Scala 3.3 is expected to release early next week which is likely going to
be sooner than any milestone release.

Also do note there is another strong reason to have milestone for Scala
3.3, the upstreamed Parboiled2 changes from pekko-http will also only get
released alongside Scala 3.3.

> I'm not convinced that we need to do the inliner changes either [4]. Akka
build had them disabled and I'd prefer not wait to wait for the Scala fixes
to support them.
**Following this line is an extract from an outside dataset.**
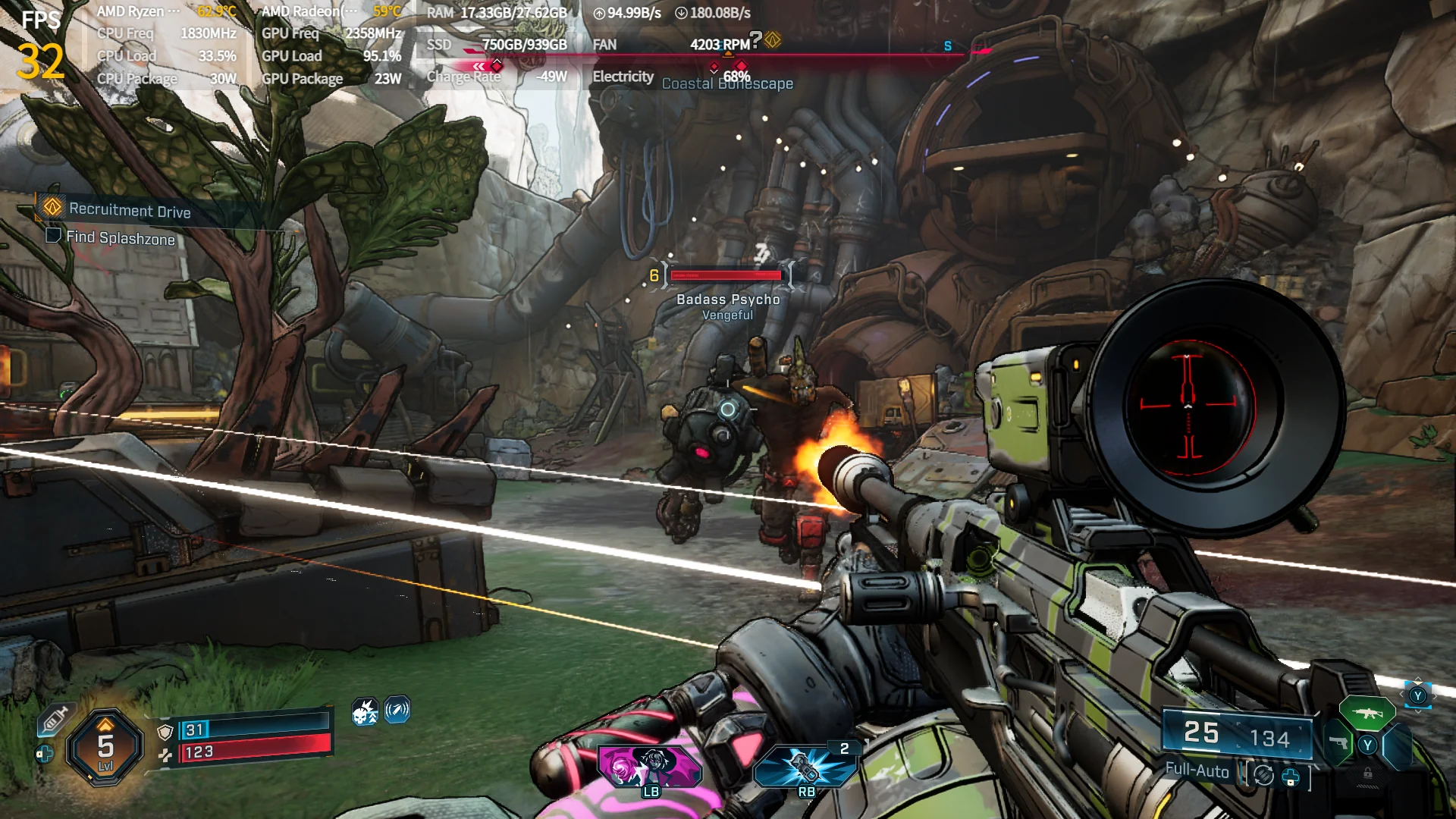 Borderlands 4 Could Be Fantastic On The ROG Xbox Ally X Thanks To AYANEO 3's Performance 6 Borderlands4AYANEO31080p 4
One question I would have is if the Scala 3.3 `inline def`
changes are possibly something that we could merge now or do the `@inline`
annotations that they replace enough as is?
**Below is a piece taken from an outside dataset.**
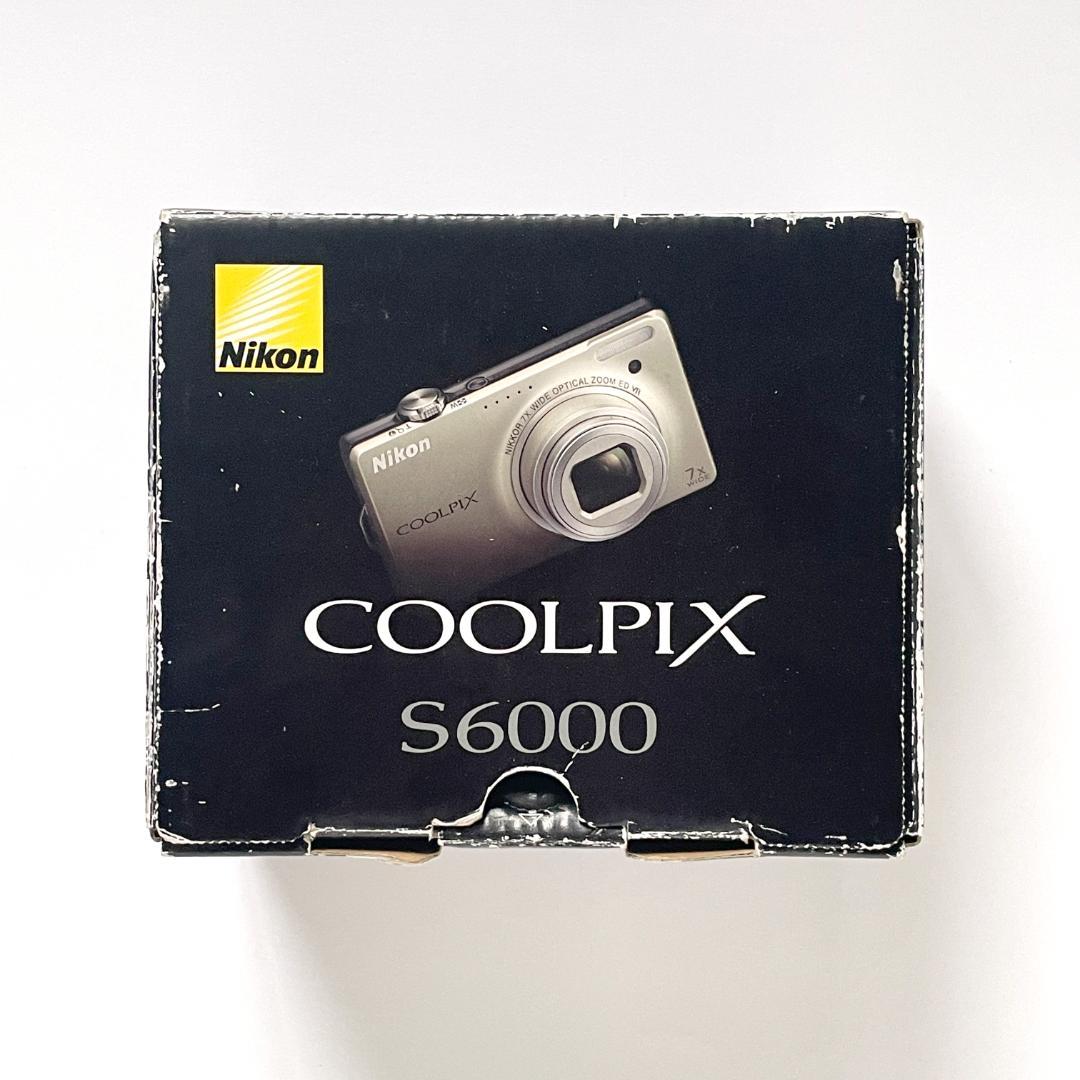 美品 ニコン Nikon COOLPIX S6000 元箱他付属あり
For all intents and purposes within Pekko the @inline in Scala 2 works the
same as inline keyword in Scala 3 and for this reason I wouldn't recommend
merging the inline changes unless we know its working for all of the Scala
versions we support (2.12 to 3.3). Currently it's working for Scala 2.12
and 3.

Another thing to note is that @inline does nothing in Scala 3 so we have to
replicate the the source for Scala 3 specifically.

Regarding qualms on the safety of inline, unlike the older Scala 2 inline
the latest one is not going to inline anything unless it's safe to do so
(which is actually the single problem we have right now, something which
should be inlined is not for 2.13).

Regardless its easy to verify if the inliner is causing problems by
inspecting the diff in JVM bytecode and the PR won't be merged unless this
is done, whether it makes it for 1.0.0 or not.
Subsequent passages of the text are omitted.